● Given records:
--*--

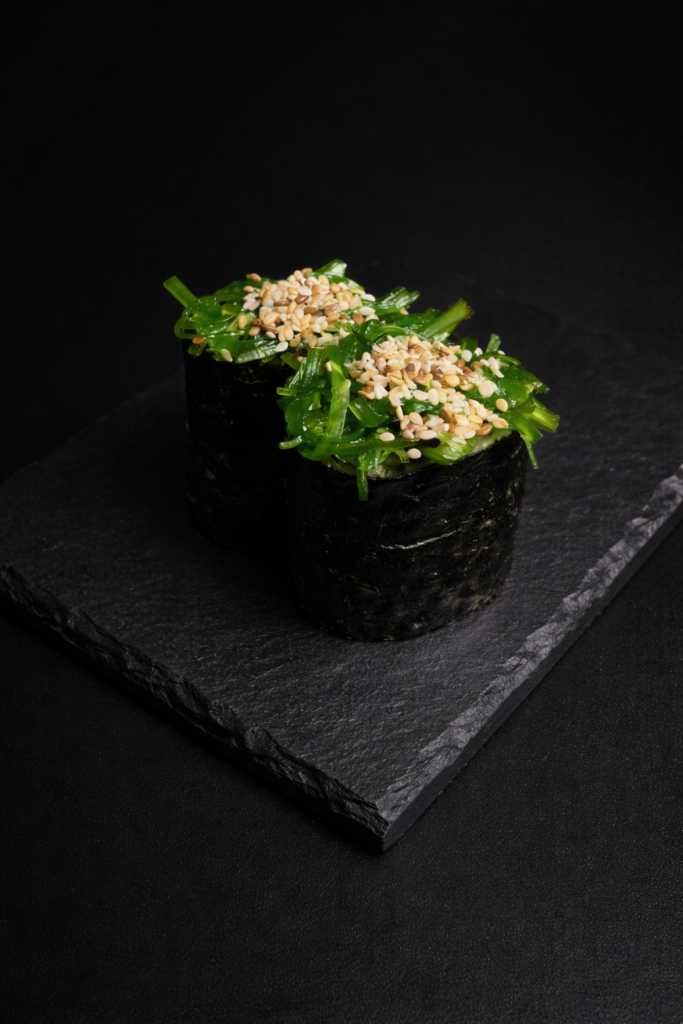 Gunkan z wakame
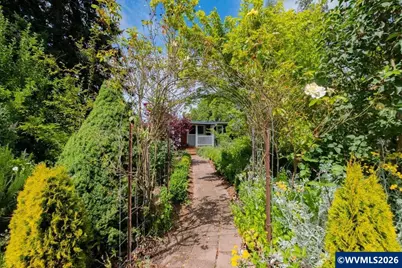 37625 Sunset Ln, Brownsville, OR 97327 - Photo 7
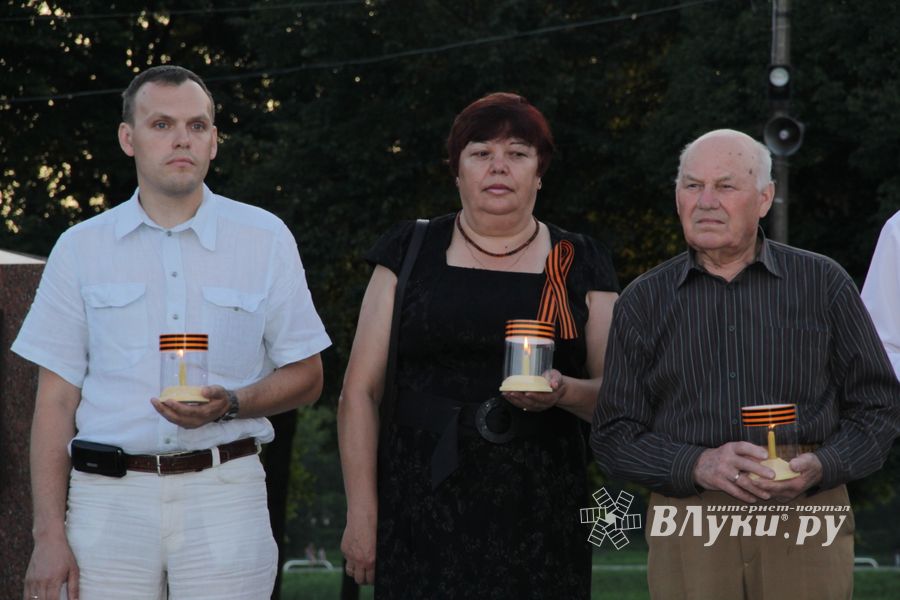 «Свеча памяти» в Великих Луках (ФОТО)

--*--

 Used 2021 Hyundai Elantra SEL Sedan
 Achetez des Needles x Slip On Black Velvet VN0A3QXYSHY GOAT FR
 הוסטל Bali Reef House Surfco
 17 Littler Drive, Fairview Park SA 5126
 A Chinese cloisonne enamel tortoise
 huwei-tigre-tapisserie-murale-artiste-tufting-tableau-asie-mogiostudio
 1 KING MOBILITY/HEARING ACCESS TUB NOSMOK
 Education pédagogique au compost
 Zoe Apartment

--*--

Transcribe each line of the data above, unaltered, from the one where "Education pédagogique au compost" appears to the one where "Zoe Apartment" appears, inclusive of both.

● Your solution:
 Education pédagogique au compost
 Zoe Apartment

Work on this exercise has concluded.